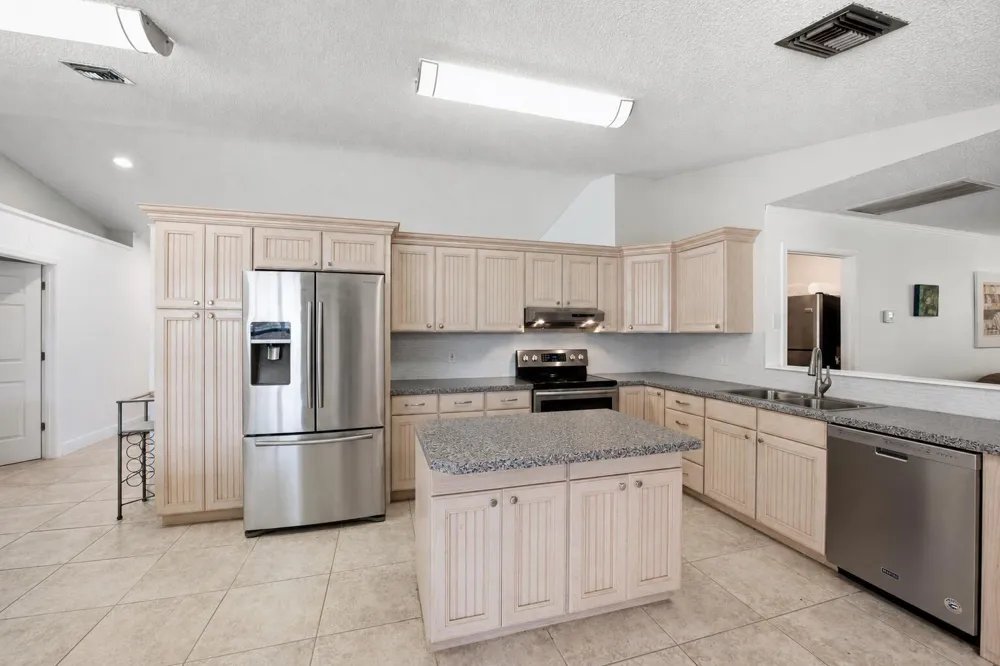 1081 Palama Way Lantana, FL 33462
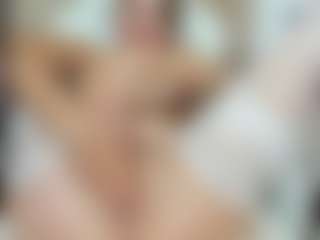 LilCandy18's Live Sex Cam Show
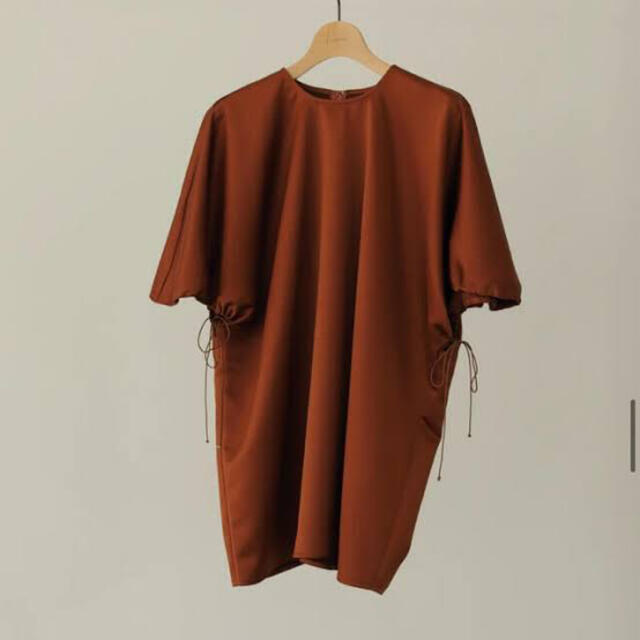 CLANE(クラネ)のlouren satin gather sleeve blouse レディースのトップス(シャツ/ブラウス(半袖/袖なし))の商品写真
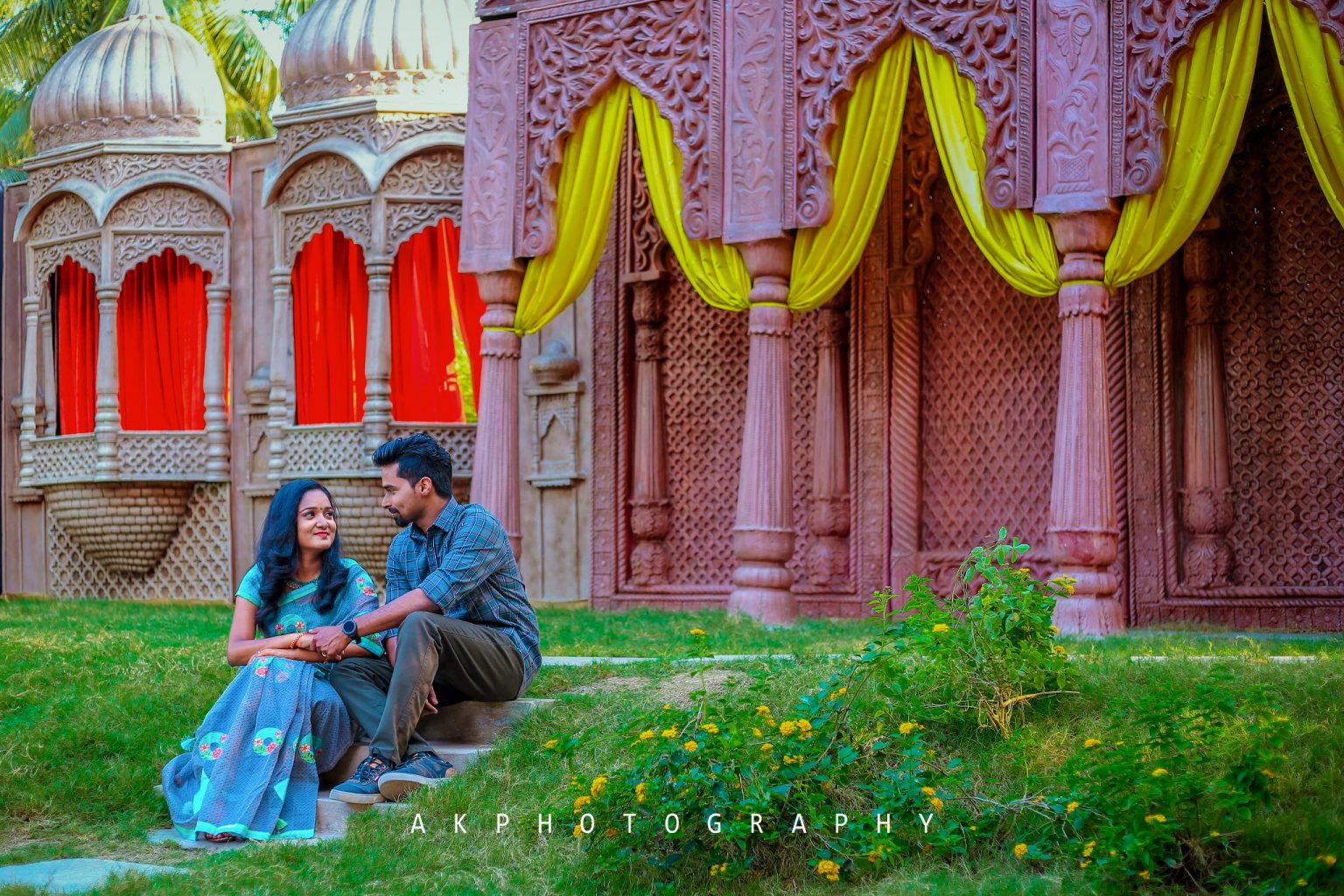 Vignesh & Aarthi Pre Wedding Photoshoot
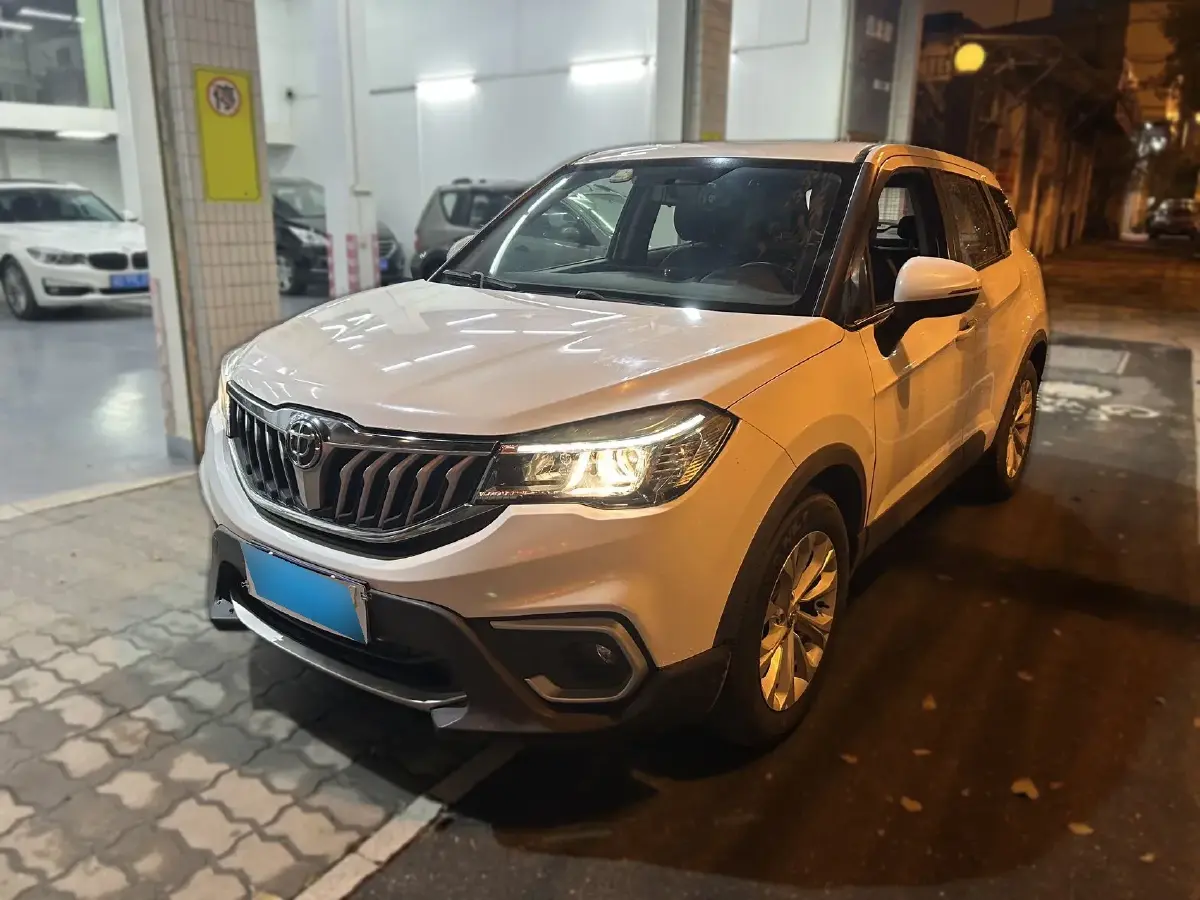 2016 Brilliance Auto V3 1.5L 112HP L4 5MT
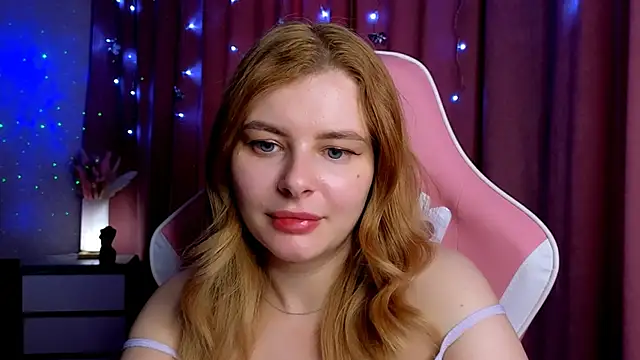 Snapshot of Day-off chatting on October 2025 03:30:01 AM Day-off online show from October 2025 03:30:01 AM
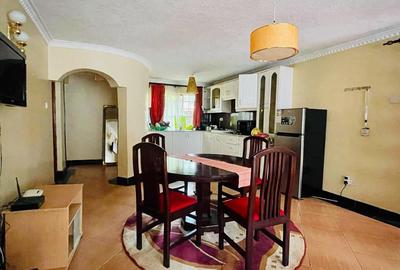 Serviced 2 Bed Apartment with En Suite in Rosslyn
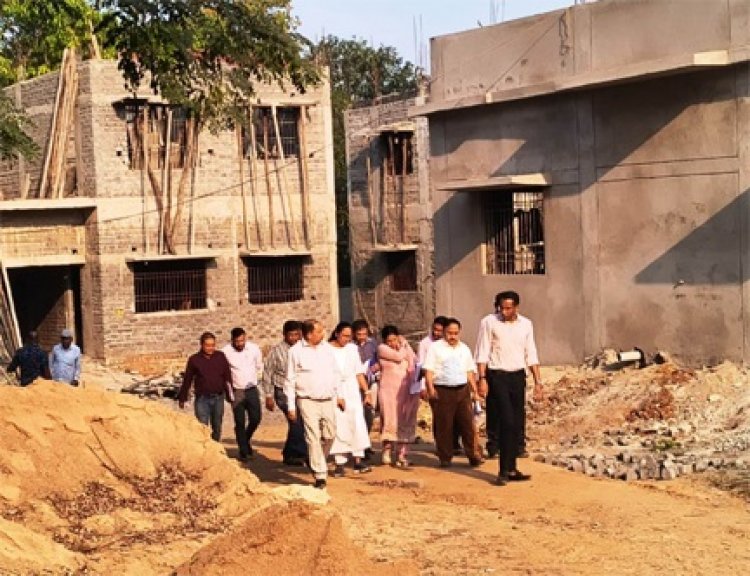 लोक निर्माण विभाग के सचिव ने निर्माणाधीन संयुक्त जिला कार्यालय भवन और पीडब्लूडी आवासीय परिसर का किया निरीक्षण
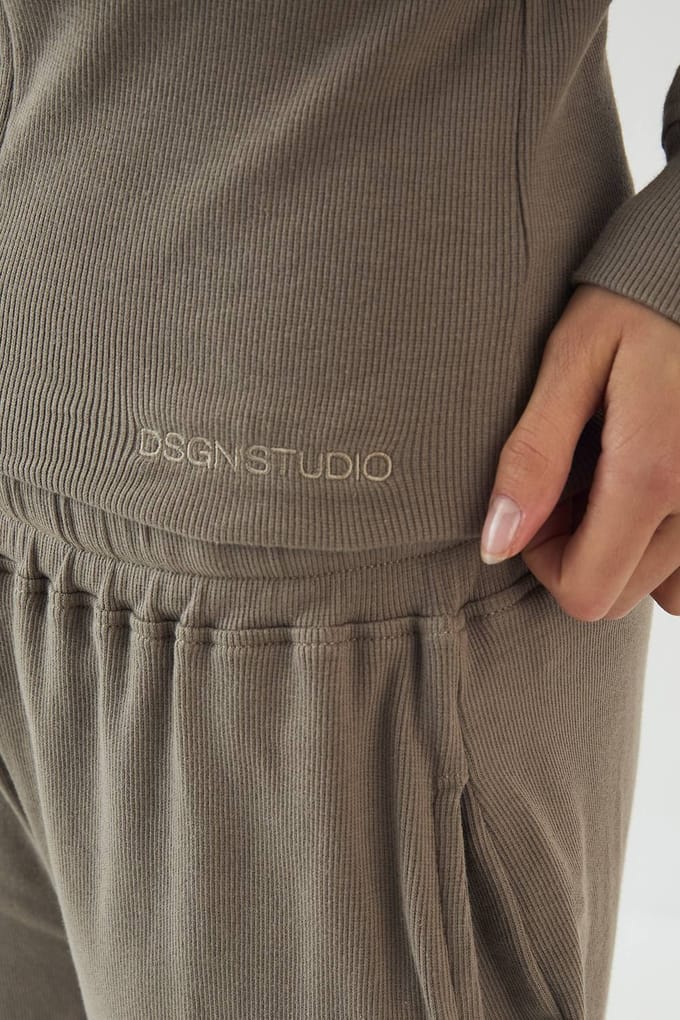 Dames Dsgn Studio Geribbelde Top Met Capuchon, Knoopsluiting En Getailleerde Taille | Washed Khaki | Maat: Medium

### Your instructions
Output exactly, and only, the lines of the entries above from the one with "Vignesh & Aarthi Pre Wedding Photoshoot" up to and including the one with "Serviced 2 Bed"; pictures are to be left out.

### Answer to this task
 Vignesh & Aarthi Pre Wedding Photoshoot
 2016 Brilliance Auto V3 1.5L 112HP L4 5MT
 Snapshot of Day-off chatting on October 2025 03:30:01 AM Day-off online show from October 2025 03:30:01 AM
 Serviced 2 Bed Apartment with En Suite in Rosslyn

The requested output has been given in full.